If there is strategic value in your data today or there may be in the future, you'll want to hold onto it and treat it as a strategic asset. It's also a good choice for companies that collect large volumes of data, with high variety that accrue at a high rate. Also consider it if you value maintaining control of your data at all times so you can apply best-of-breed approaches to analyze that data. Last, if you want to streamline and simplify your data architecture to support their lines of business and improve overall business agility.
Should a data lake be built in the cloud or on-premises?

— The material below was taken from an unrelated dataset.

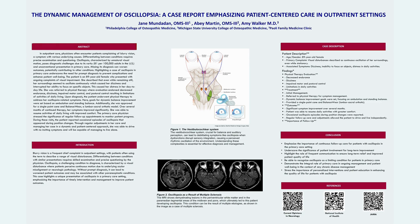This case report highlights the importance of precise examination and questioning and focuses on oscillopsia. Oscillopsia is defined as unnatural vision motion perception, and it is actually very rare — about 81 cases per 100,000 adults in the United States. Oscillopsia is a diagnostic challenge; it's often missed because it's an unconventional presentation in primary care settings.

We recommend organizations build new data lakes in the cloud. Cloud data lake storage can easily be leveraged by many cloud services for things like processing, analytics and reporting. From a scalability point of view, you can start with a few small files and grow your data lake to exabytes in size, without the worries associated when expanding storage and data maintenance internally. Cloud storage providers also allow for multiple storage classes and pricing options, which helps organizations only pay for exactly as much as they need, instead of planning for an assumed cost and capacity as is needed when building a data lake locally. Cloud data lake storage is also proven to be highly durable and available – for example, eleven 9’s of durability for Amazon S3. Finally, all companies have a responsibility to protect their data, and with data lakes designed to store all types of data, including sensitive information like financial records or customer details, security becomes even more important. Cloud providers guarantee security of data as defined by the shared responsibility model.

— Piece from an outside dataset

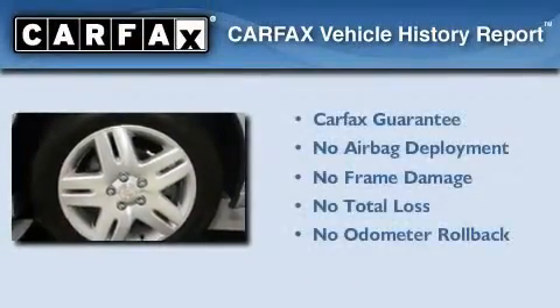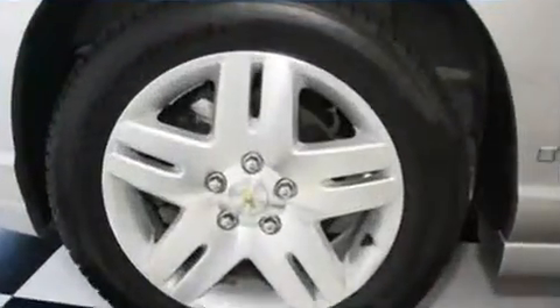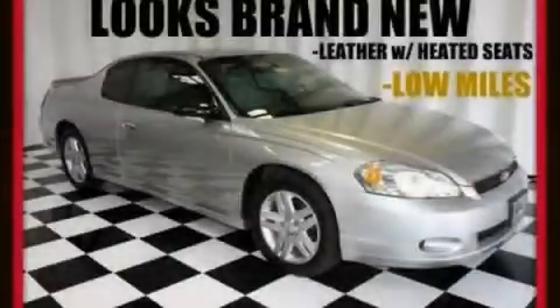Not to mention that this Chevrolet qualifies for the Carfax Buy Back Guarantee. This automobile won't last long at this price, call and arrange a test drive now.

What about organizations that maintain some combination of cloud and on-premises data lake solutions? How can they make sure everything is synced up?
Most of the time some data lives on premises because that's where it's generated, while other data is generated and lives in the cloud. IoT [internet of things] data, for example, is generated in many different places and then aggregated in the cloud, but the company may have some business data that is stored somewhere in an on-premises source. In both cases, the data is not being copied from one location to another, so there is no need to keep it synced. Data consumers are accessing the data wherever it lay.

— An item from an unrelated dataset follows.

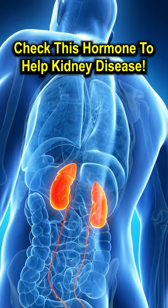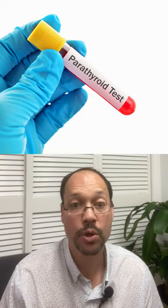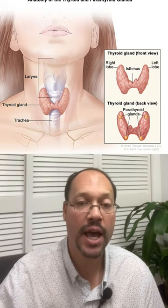If you have stage 3 or greater kidney disease, make sure you're getting checked and address your parathyroid hormone. It's listed on your blood work as PTH. It's a gland in your neck that makes hormones that help regulate your calcium balance, calcium homeostasis, phosphorus, and vitamin D.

What if the organization already has an on-premises data lake and is considering moving it to the cloud? What advice do you have for a migration?
Migrating an on-premises data lake to the cloud can be challenging, since data consumers are connecting into all of the existing data sources, and any changes to those sources as a result of migrations break those connections and require data engineers to rebuild them. So, they need a way to abstract the underlying migration to the cloud from the usage by data analysts, business intelligence users and data scientists.
If you choose to standardize on cloud data lake storage, do you have to stick with one cloud provider?
Not necessarily. The multicloud model means you are using more than one set of cloud data lake storage, but that storage is used by a separate and distinct set of applications or workloads. In this way, an organization can spread its workloads around multiple cloud providers. This is true whether some of the data lake storage is on-premises (private cloud) or only in public clouds. Then there is the hybrid cloud model, where you are using more than one set of data lake storage in support of a single workload. In the hybrid cloud, the workload joins data from multiple data lake storage services. In this scenario, there could be multiple workloads, each joining data from more than one set of data lake storage. Once again, this is true whether some of the data lake storage is on-premises (private cloud) or only in public clouds.
How can businesses get the most value from a cloud-based data lake?
To take full advantage of data processing and analytics on your data, you need technologies that were built for the type of platform you are using. That's because the latency and performance aren't the same as what you would get with local NVMe on a single server. Because you're going over a network to another service, it can slow down the workflow if you aren't using a technology designed specifically for data lake storage.